Görünen o ki bu çerçevede Rus oligark Roman Abramoviç Türkiye’yi güvenli bir liman olarak görmüş. Çünkü Abramoviç’in 140 metre uzunluğunda, 26 metre genişliğindeki Bermuda Adaları bayraklı, 430 milyon sterlinlik yatı My Solaris, Ege kıyılarına geldi. Marmaris ve Datça açıklarına gelen bu süper lüks yat, rotasını Bodrum’a çevirdi ve limana yanaştı. My Solaris’in peşi sıra Abramoviç’in ikinci bir süper lüks yatı da Türkiye’ye geldi. Solaris adlı süper yatı Bodrum’a demirleyen Rus milyarderin ikinci süper yatı The Eclipse’de Marmaris’e demir attı.

Bu arada Abramovich’in Türkiye’den Göztepe Spor Kulübü ile ilgilendiği iddiası da ortaya atıldı.

Bir takım zevat tamam işte Rus oligarkların paracıkları gelmeye başladı diye neredeyse zil takıp oynamaya, halay çekmeye başladı.

Bakın sevgili okurlarım herkesi aklıselim ile düşünmeye davet ediyorum!

Zaten ortada İran ambargosunu delmekten kaynaklanan bir takım çok ciddi sıkıntılar varken şimdi de Rusya ve Rus oligarklara yönelik ambargoları delme girişiminde bulunmak ne kadar akılcı bir iş olur oturup düşünmek lazım.
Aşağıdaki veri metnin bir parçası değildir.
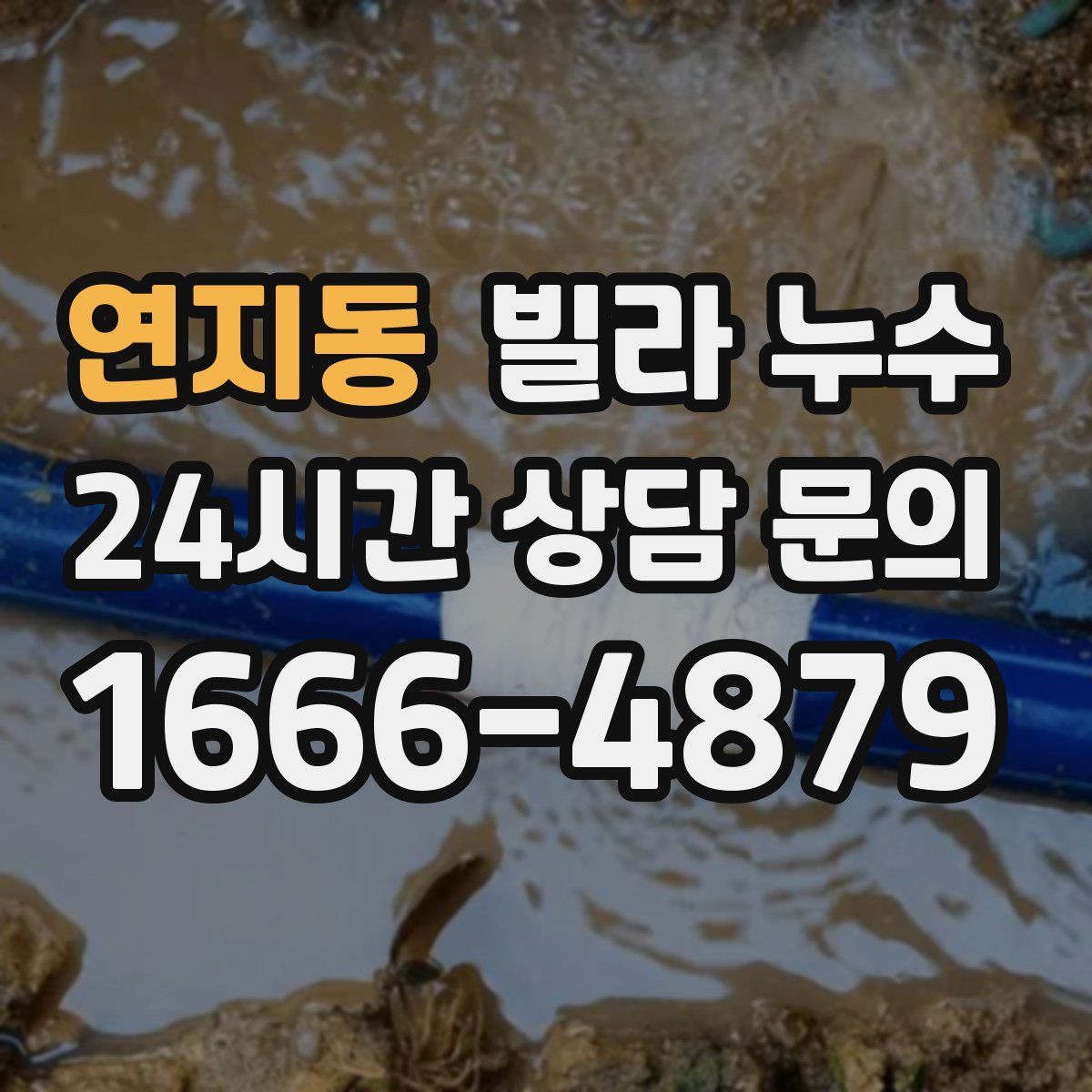 연지동 빌라 누수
Saldırı başladığından bu yana özgür dünyanın gelişmiş ve demokratik toplumları Ukrayna’nın özgürlük ve bağımsızlığına karşı yapılan bu barbarca saldırıyı kınıyor, bu saldırıyı durdurabilmek için yoğun bir gayret gösteriyor. Bu ülkeler bir taraftan mağdura destek olmaya çalışıyor diğer taraftan da saldırgan faşist diktatör Putin’e Rusya’ya ve Rus oligarklara ağır yaptırımlar uyguluyor. Bütün dünya bu noktada birleşmişken saldırgan taraf için yaptırımları delebilecekleri güvenli bölge oluşturmaya çalışmak son derecede yanlış ve akılsızca bir tutum olacaktır.

Bu yanlışın iki boyutu var:

İlk boyutu Rusya ve müttefiki olan Belarus gibi ülkeler ile aynı kefeye konularak benzer yaptırımlar ile karşı karşıya kalabiliriz. Bu tip yaptırımlara muhatap olmak elbette zaten son derecede zorda olan Türk ekonomisini çok daha büyük ve derin bir krize sürükleyecektir.
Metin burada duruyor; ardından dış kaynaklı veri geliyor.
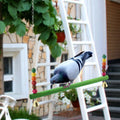 ABKW-Chicken Swing Chicken Chicken For Hens Bird Parrot Macaw Hens Swing Ladder For Hens Bird Parrot Trainning Vue Green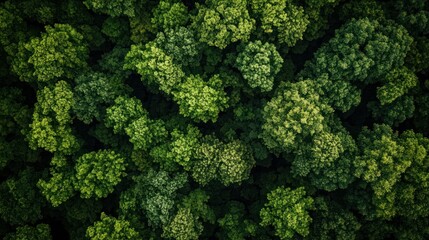 Fototapeta premium Aerial View of Lush Green Forest Canopy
İkincisi ise tamamen ahlaki, bu savaşta mazlumun değil saldırganın yanında olmak bu ahlaksızca işgali ve faşist bir diktatörün emperyalist hayallerini desteklemek ahlaki açıdan son derecede yanlış bir tutumdur.

Türk milleti her daim mazlumun ve haklının yanında olmakla gurur duymuştur. Hiç şüphe yok ki kadın çoluk çocuk, genç yaşlı demeden katledilen bir halkın, onların vatanlarını ve özgürlüklerini savunabilmek için gösterdikleri onurlu direnişin yanında olmak her insan için en doğru ve şerefli davranış biçimidir.

Diğer yandan faşist diktatör Putin’in emperyalist hayalleri Ukrayna bataklıklarına bu gün gömülemezse bu hayallerin ikinci ya da üçüncü adımı hiç kuşku yok ki Anadolu üzerine olacaktır. Rusların malum sıcak denizlere inme stratejisinin düğüm noktasının Türk Boğazları olduğunu hiç kimse unutmamalıdır.

Ayrıca Kazakistan, Azerbaycan, Kırgızistan, Türkmenistan, Özbekistan, Gürcistan, Macaristan, Bulgaristan, Romanya, Polonya, Letonya, Litvanya, Estonya ve Moldova da Rus emperyalizmine karşı topun ağzında olacaktır.

Türkiye tarafsızlık stratejisini sürdürse bile bu stratejiyi bozacak, yaptırımların delinmesine yol açacak adımlar atmamalı ve özellikle de Rus oligarklar için asla güvenli bir liman haline gelmemelidir.